BY Martin Pesch in Reviews | 03 MAR 98
Featured in
Issue 39

mitteln. raum vor ort

M
BY Martin Pesch in Reviews | 03 MAR 98

It seems obligatory these days to look at an exhibition's Web page before visiting the show. But often it doesn't make you very enthusiastic about going. In most cases all you see is a copy of the same publicity that the good old post office delivers to your home on old-fashioned paper: ideas, the artists' names, a few biographical details, some images. This is particularly disappointing for a group exhibition that appears to be about mediating art. And because 'mitteln. raum vor ort' (mediating. space before place) is specifically about the spaces in which art takes place, this is as a wasted opportunity to establish the Internet as a new kind of space for art.

Nevertheless 'mitteln...' is an ambitious project and its origins are anything but uninteresting. The exhibition was devised as a joint project by the Kunstverein and the art history department of Bonn University. The two institutions have always had close ties, the university students working as trainees in the Kunstverein and its Artothek, an art lending library.

Just over a year ago the university set up a seminar aimed at devising an exhibition on a predetermined theme. A condition for financial support from Nordrhein-Westfalen was that young artists must be included. The trainee art historians visited exhibitions with similar themes, went to trade fairs and studios, and finally decided on 13 artists. Each participant was assisted by a student, and they worked on contributions for the Kunstverein together.

The exhibition concept emphasises the distinction between space and place. Thus some of the artists (Marc Mer, Tomoko Mukai) addressed space as a three-dimensional challenge issued by the Kunstverein building - the low vestibule and hugely spacious hall are not easy to handle.
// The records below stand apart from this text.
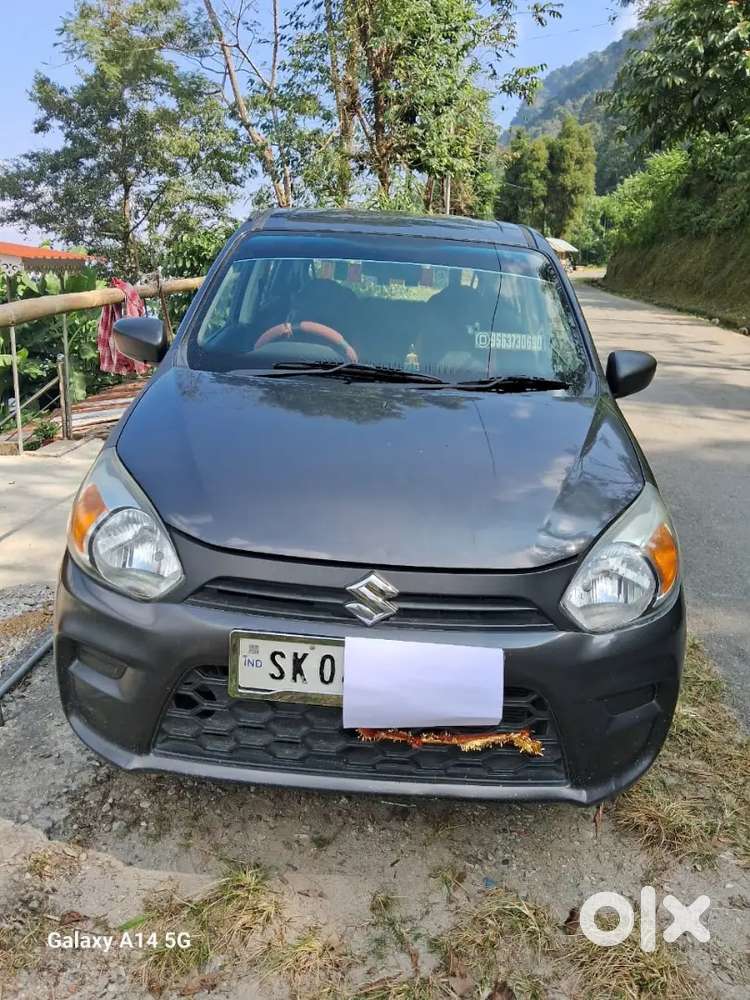 Maruti Suzuki Alto 800 2019 Petrol 40000 Km Driven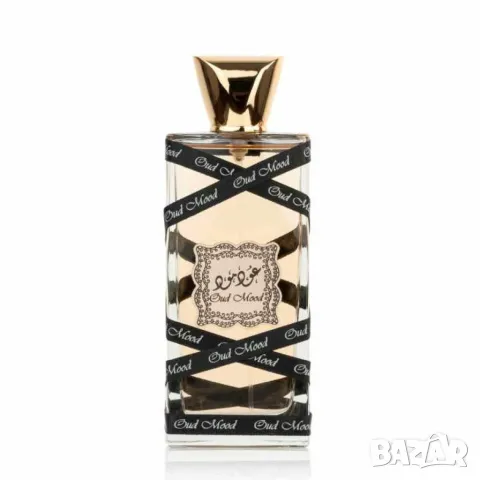 Луксозен парфюм Lattafa Oud Mood EDP ml, снимка 4 - Дамски парфюми - 46864698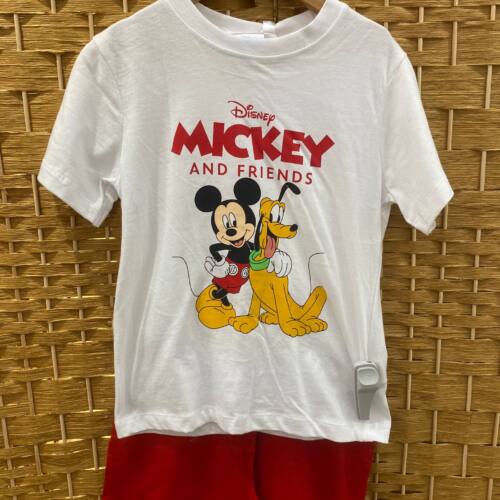 Pijama Mickey And friend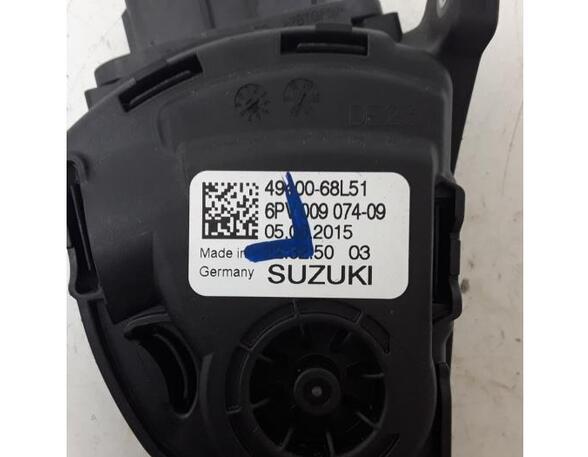 Accelerator pedal SUZUKI VITARA (LY)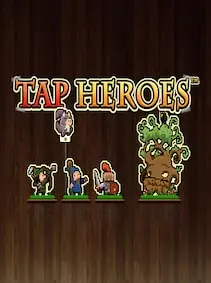 Tap Heroes — Steam, Standard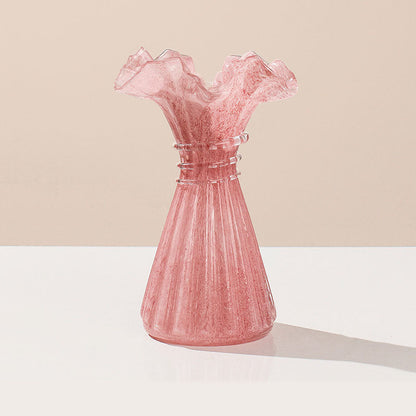 Vase en verre Lighteme Princess Dress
But for the majority of the participants (Thomas Klegin, Norbert Kottmann, Christiane Post, Dirk and Maik Lobbert) the key issue was analysing the Kunstverein's history and institutional character.

The idea of critiquing institutions is now fairly long in the tooth, but faced with the interdependence of art associations, juries, curators etc., ironic gestures are about all that can be made. Thus Dellbruegge & de Moll changed the inscription over the entrance to: 'We are working on the periphery' (all works 1997). This new inscription suggests that art associations are still central to bourgeois art history despite the financial and cultural abyss that yawns beneath them. Colourful knitted caps with 'Periphery' embroidered on them are also part of this work. You can wear these for your walk around the exhibition, and thus the caps become thinking spaces. This is a fine allegory for re-investing common profit in individual progress.

Andrea Knobloch and Coop von Osten offered almost traditional 'context art'. For her work Yes, we're open Knobloch built a replica of the Kunstverein's substantial box-office, in which tickets and catalogues are sold, and shifted it a few metres back towards the centre of the exhibition hall. The original box-office is now closed and stands abandoned, like the gatehouse of a closed-down factory. Coop von Osten, in Mind Expander, took a close look at the ideology of Haus-Rucker-Co, who converted a former flower-hall to house the Bonn Kunstverein. In the 70s this team of Viennese architects were still aiming to improve life through architecture, and supplied rules and regulations for the spaces they designed. Von Osten follows their instructions in a video, showing, for example, how women are supposed to sit in order to become better people. The artist hung texts linking this authoritarian gesture in the garb of a social utopia with up-to-date phenomena such as the current 'Fit for fun' health promotion campaign, which embodies similar regulations.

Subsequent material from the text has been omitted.